◆ RECORDED INFORMATION:
#####
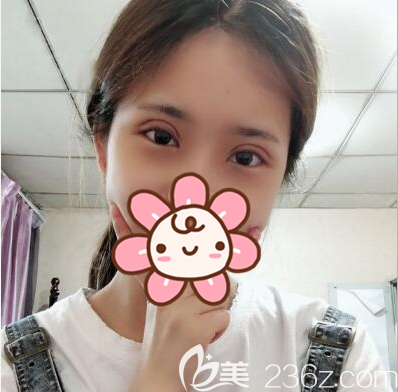 成都恒博李烈切開(kāi)雙眼皮拆線后效果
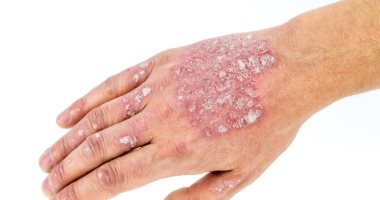 6 طرق للعلاجات المنزلية لمرض الصدفية.. منها اليوجا والشوفان 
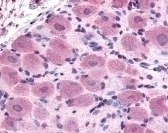 TRPA1 Antibody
#####
◆ TASK GOAL: Quote each line of the listing exactly, but leave the pictures out.

◆ YOUR RESPONSE:
 成都恒博李烈切開(kāi)雙眼皮拆線后效果
 6 طرق للعلاجات المنزلية لمرض الصدفية.. منها اليوجا والشوفان 
 TRPA1 Antibody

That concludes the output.